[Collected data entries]
= Beginning of Section =
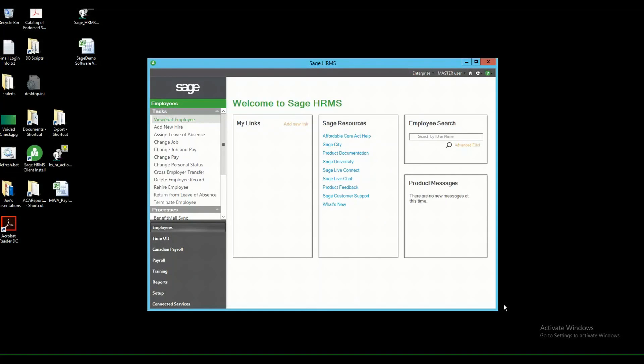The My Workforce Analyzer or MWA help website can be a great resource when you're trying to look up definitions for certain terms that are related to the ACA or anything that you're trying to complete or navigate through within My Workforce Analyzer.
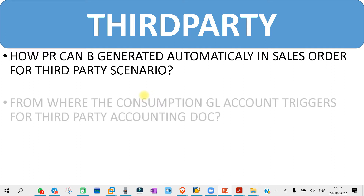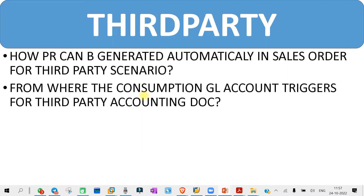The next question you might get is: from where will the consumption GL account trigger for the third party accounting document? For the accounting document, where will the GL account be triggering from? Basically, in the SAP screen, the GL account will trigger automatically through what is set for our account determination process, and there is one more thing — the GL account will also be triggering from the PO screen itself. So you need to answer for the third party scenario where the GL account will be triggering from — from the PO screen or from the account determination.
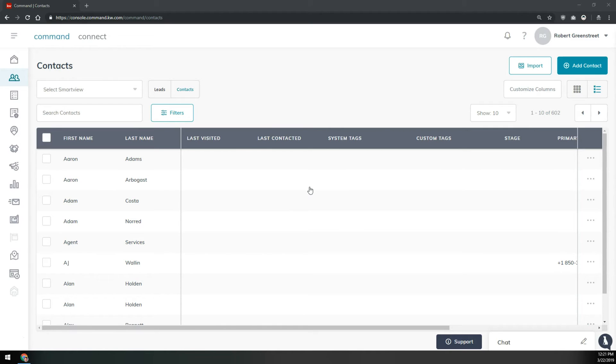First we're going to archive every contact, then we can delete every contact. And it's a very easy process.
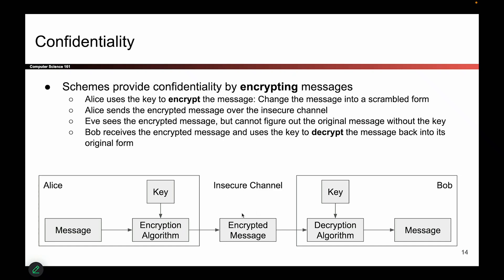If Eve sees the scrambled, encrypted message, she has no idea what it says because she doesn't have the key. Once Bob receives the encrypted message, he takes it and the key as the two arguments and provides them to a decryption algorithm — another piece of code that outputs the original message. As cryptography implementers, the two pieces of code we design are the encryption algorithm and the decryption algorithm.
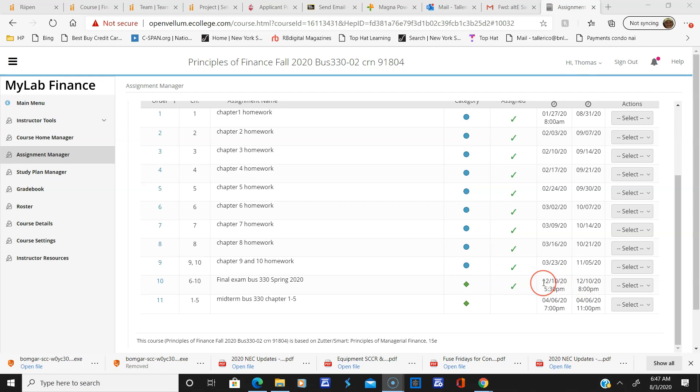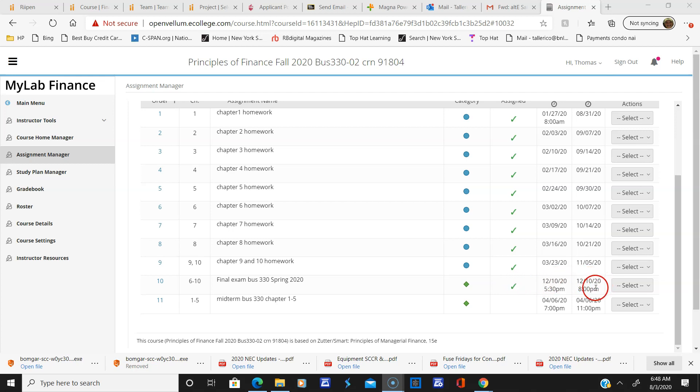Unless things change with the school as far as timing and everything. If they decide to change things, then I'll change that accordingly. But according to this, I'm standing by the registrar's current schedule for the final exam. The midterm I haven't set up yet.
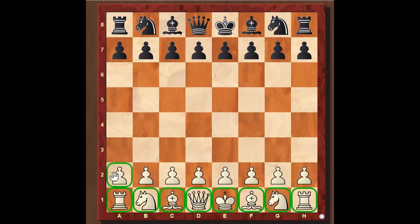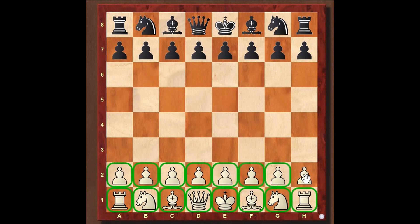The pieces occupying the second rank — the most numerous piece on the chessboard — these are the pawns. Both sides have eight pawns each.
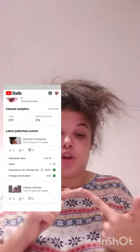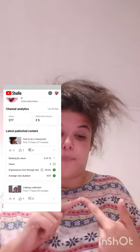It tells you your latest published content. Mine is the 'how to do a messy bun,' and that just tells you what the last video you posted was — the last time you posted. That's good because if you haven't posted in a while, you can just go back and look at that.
= End of Section =
- **REQUIRED WORK**:
Write out the entries above in full and exactly; no pictures.

- **REPLY TO THE TASK**:
The My Workforce Analyzer or MWA help website can be a great resource when you're trying to look up definitions for certain terms that are related to the ACA or anything that you're trying to complete or navigate through within My Workforce Analyzer.
The next question you might get is: from where will the consumption GL account trigger for the third party accounting document? For the accounting document, where will the GL account be triggering from? Basically, in the SAP screen, the GL account will trigger automatically through what is set for our account determination process, and there is one more thing — the GL account will also be triggering from the PO screen itself. So you need to answer for the third party scenario where the GL account will be triggering from — from the PO screen or from the account determination.
First we're going to archive every contact, then we can delete every contact. And it's a very easy process.
If Eve sees the scrambled, encrypted message, she has no idea what it says because she doesn't have the key. Once Bob receives the encrypted message, he takes it and the key as the two arguments and provides them to a decryption algorithm — another piece of code that outputs the original message. As cryptography implementers, the two pieces of code we design are the encryption algorithm and the decryption algorithm.
Unless things change with the school as far as timing and everything. If they decide to change things, then I'll change that accordingly. But according to this, I'm standing by the registrar's current schedule for the final exam. The midterm I haven't set up yet.
The pieces occupying the second rank — the most numerous piece on the chessboard — these are the pawns. Both sides have eight pawns each.
It tells you your latest published content. Mine is the 'how to do a messy bun,' and that just tells you what the last video you posted was — the last time you posted. That's good because if you haven't posted in a while, you can just go back and look at that.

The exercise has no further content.